ピザハット事業部に配属され、スタッフから店長、スーパーバイザー、FC営業課長、営業部長まで、営業畑を一貫して歩む。
2017年、日本ピザハット株式会社のスピンアウトに伴い、COO営業本部長として着任。オペレーション開発やPOSシステムの刷新をプロジェクトオーナーとして主導。

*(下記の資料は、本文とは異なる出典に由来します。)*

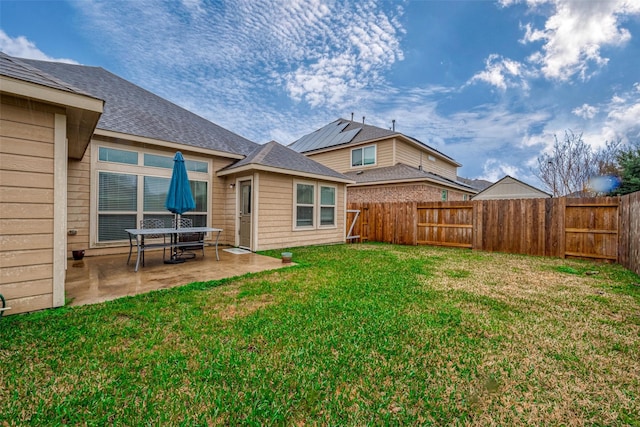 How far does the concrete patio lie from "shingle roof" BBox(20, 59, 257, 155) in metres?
3.47

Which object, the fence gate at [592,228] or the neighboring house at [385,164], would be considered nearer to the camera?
the fence gate at [592,228]

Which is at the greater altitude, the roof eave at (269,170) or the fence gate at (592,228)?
the roof eave at (269,170)

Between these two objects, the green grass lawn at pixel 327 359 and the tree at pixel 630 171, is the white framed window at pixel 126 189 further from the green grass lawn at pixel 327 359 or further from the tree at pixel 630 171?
the tree at pixel 630 171

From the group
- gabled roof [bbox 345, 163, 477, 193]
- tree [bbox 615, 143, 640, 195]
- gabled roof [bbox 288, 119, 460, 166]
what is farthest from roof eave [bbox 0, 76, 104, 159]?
tree [bbox 615, 143, 640, 195]

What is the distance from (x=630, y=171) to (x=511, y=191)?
8.05m

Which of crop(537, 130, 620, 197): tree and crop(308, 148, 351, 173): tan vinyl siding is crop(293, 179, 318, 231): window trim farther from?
crop(537, 130, 620, 197): tree

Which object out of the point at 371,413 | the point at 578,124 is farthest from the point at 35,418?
the point at 578,124

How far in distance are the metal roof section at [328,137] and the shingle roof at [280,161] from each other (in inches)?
320

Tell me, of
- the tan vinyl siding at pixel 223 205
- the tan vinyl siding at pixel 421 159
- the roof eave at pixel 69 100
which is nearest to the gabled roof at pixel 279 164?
the tan vinyl siding at pixel 223 205

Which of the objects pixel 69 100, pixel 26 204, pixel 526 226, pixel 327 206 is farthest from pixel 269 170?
pixel 526 226

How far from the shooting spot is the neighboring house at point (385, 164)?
1393 centimetres

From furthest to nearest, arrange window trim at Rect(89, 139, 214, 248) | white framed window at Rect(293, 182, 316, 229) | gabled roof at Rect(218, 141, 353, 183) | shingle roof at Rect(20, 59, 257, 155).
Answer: white framed window at Rect(293, 182, 316, 229) < gabled roof at Rect(218, 141, 353, 183) < shingle roof at Rect(20, 59, 257, 155) < window trim at Rect(89, 139, 214, 248)

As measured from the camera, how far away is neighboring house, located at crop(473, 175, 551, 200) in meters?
18.9

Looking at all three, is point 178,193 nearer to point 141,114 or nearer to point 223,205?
point 223,205
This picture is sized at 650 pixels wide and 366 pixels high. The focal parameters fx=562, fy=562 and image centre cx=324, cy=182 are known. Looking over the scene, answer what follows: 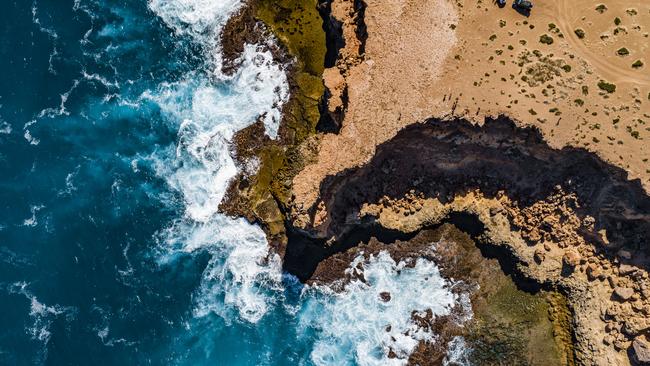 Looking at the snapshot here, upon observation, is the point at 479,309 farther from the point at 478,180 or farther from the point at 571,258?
the point at 478,180

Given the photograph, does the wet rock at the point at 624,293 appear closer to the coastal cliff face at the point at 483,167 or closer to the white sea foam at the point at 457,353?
the coastal cliff face at the point at 483,167

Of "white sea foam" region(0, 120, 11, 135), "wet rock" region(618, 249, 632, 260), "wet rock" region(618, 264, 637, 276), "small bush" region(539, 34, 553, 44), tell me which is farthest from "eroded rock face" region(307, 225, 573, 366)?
"white sea foam" region(0, 120, 11, 135)

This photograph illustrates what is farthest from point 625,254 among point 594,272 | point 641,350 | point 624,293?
point 641,350

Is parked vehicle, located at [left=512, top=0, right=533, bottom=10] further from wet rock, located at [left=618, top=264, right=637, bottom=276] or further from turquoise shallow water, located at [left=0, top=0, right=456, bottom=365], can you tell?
wet rock, located at [left=618, top=264, right=637, bottom=276]

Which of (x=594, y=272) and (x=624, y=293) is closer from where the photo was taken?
(x=624, y=293)

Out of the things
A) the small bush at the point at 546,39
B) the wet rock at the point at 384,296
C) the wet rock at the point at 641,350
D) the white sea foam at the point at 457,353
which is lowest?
the white sea foam at the point at 457,353

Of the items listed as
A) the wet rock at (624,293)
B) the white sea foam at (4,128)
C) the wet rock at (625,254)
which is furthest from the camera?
the white sea foam at (4,128)

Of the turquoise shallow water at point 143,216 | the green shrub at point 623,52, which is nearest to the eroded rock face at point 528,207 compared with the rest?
the turquoise shallow water at point 143,216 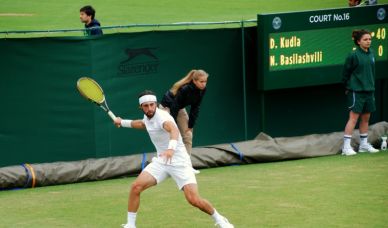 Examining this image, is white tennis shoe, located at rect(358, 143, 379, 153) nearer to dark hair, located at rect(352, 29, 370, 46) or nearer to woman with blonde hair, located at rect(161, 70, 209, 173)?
dark hair, located at rect(352, 29, 370, 46)

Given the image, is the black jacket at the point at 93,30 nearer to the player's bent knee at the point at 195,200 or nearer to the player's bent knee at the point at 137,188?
the player's bent knee at the point at 137,188

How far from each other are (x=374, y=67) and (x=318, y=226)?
6.14 meters

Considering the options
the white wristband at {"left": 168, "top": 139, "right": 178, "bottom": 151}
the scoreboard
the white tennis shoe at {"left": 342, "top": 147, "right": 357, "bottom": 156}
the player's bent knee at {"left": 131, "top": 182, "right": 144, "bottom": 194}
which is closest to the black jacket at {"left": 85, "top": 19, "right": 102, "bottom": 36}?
the scoreboard

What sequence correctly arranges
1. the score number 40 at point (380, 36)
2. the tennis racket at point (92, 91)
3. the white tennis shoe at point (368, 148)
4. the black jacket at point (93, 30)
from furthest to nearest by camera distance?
the score number 40 at point (380, 36), the white tennis shoe at point (368, 148), the black jacket at point (93, 30), the tennis racket at point (92, 91)

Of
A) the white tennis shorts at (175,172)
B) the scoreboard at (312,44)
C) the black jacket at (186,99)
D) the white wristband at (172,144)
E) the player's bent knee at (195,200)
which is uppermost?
the scoreboard at (312,44)

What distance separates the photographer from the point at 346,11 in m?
17.8

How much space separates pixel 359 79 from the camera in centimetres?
1694

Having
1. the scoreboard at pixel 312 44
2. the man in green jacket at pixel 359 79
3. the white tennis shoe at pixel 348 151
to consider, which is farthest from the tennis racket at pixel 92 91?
the white tennis shoe at pixel 348 151

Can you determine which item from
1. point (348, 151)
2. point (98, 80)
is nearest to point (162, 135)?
point (98, 80)

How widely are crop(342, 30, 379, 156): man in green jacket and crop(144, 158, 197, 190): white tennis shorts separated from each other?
19.3 ft

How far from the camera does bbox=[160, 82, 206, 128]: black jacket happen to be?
15.0 m

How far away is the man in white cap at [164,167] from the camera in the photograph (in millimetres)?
11555

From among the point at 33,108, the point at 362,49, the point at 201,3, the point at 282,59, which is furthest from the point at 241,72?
the point at 201,3

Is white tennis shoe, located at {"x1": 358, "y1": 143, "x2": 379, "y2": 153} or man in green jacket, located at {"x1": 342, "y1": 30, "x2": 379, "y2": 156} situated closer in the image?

2024年よりCMOとしてマーケティング部門を統括。
モデレーター
平尾 喜昭(ひらお よしあき)
株式会社サイカ 代表取締役社長 CEO
2012年慶應義塾大学総合政策学部卒業。父親が勤める会社が倒産したことを原体験として、大学在学中に出会った統計分析から経営支援の可能性を見出し、2012年2月に株式会社サイカを創業。統計学と経済学をベースに、これまで数多くの大手クライアントでマーケティング精度向上のコンサルティングを行ってきた。その知見を基に、サイカの各種ツール開発におけるプロダクトオーナーを歴任。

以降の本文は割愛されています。